- Opening Delimiter -

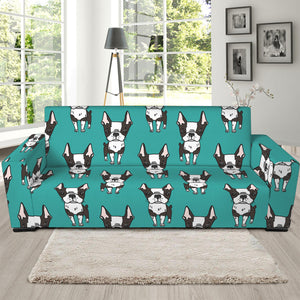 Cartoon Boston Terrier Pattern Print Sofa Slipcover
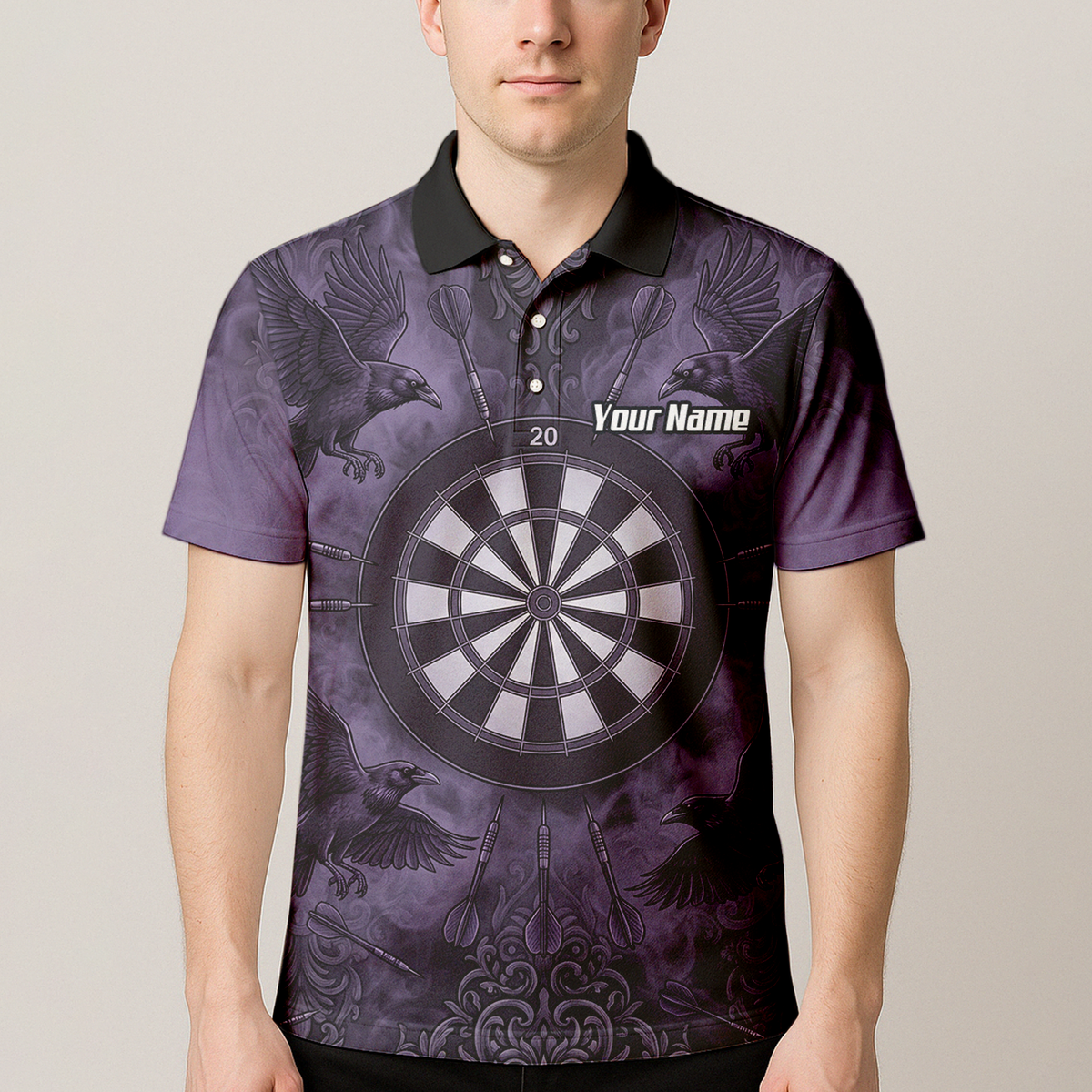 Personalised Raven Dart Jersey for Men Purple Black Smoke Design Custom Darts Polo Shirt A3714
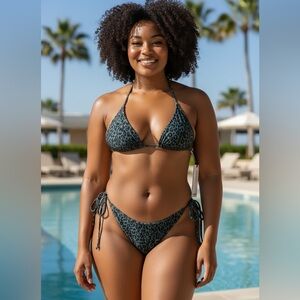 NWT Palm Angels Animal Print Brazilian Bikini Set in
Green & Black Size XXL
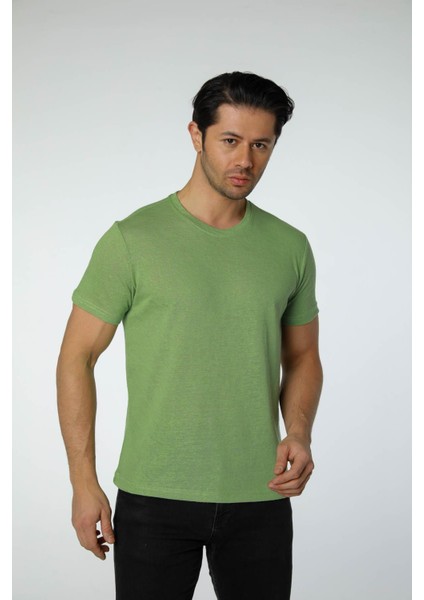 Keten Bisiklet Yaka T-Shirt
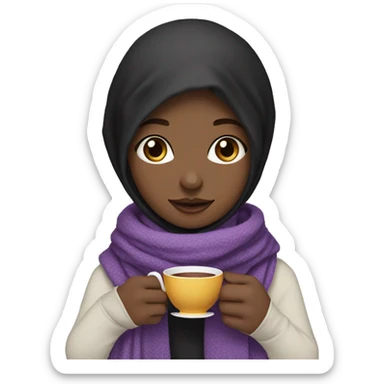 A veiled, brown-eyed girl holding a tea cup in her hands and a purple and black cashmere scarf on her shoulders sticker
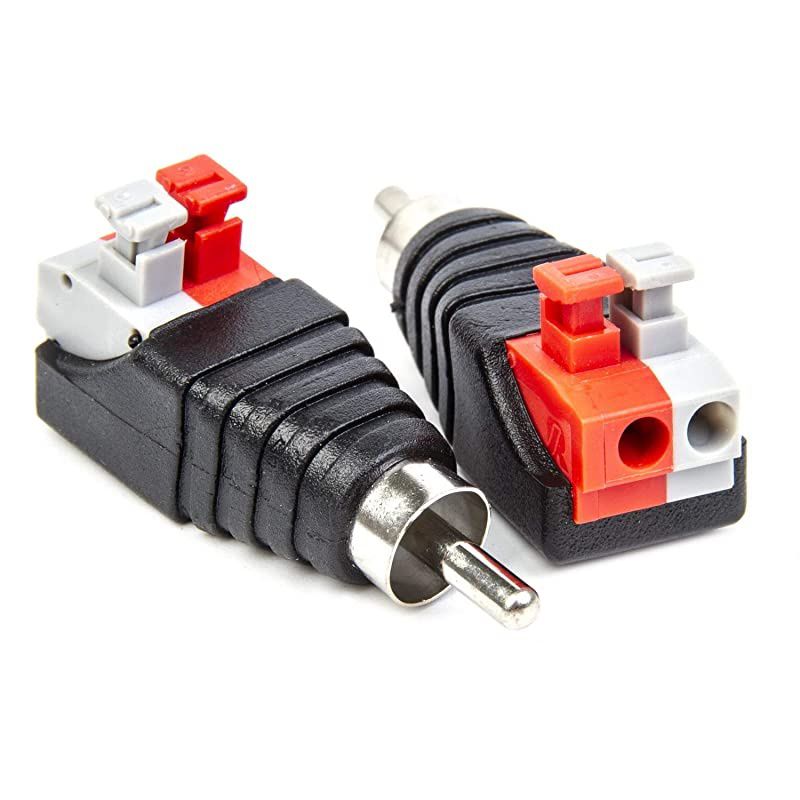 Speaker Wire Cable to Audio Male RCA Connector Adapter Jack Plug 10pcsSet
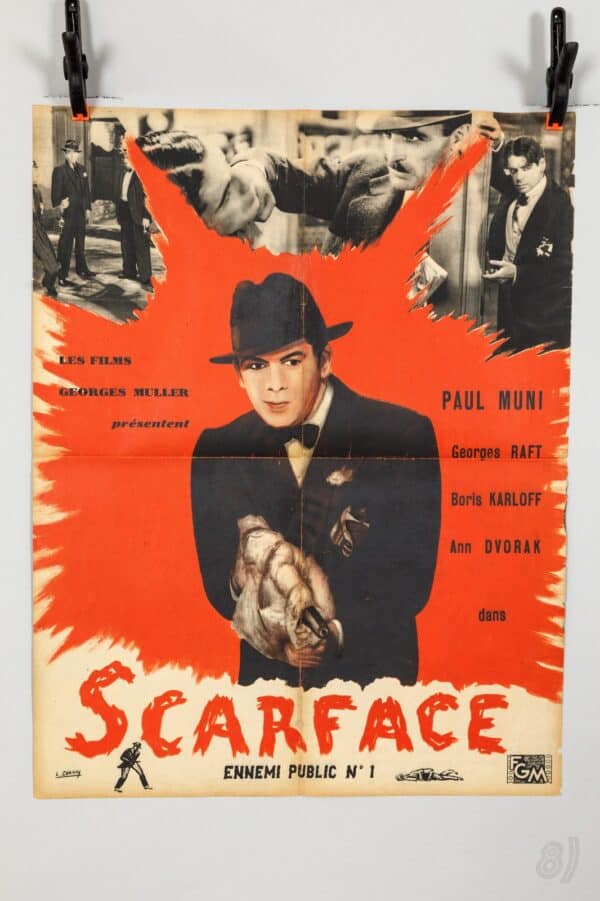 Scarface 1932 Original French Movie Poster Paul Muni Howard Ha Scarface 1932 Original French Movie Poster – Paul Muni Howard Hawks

- Closing Delimiter -

Problem details:
Give the data above again, exactly, with every picture removed.

Task result:
 Cartoon Boston Terrier Pattern Print Sofa Slipcover
 Personalised Raven Dart Jersey for Men Purple Black Smoke Design Custom Darts Polo Shirt A3714
 NWT Palm Angels Animal Print Brazilian Bikini Set in
Green & Black Size XXL
 Keten Bisiklet Yaka T-Shirt
 A veiled, brown-eyed girl holding a tea cup in her hands and a purple and black cashmere scarf on her shoulders sticker
 Speaker Wire Cable to Audio Male RCA Connector Adapter Jack Plug 10pcsSet
 Scarface 1932 Original French Movie Poster Paul Muni Howard Ha Scarface 1932 Original French Movie Poster – Paul Muni Howard Hawks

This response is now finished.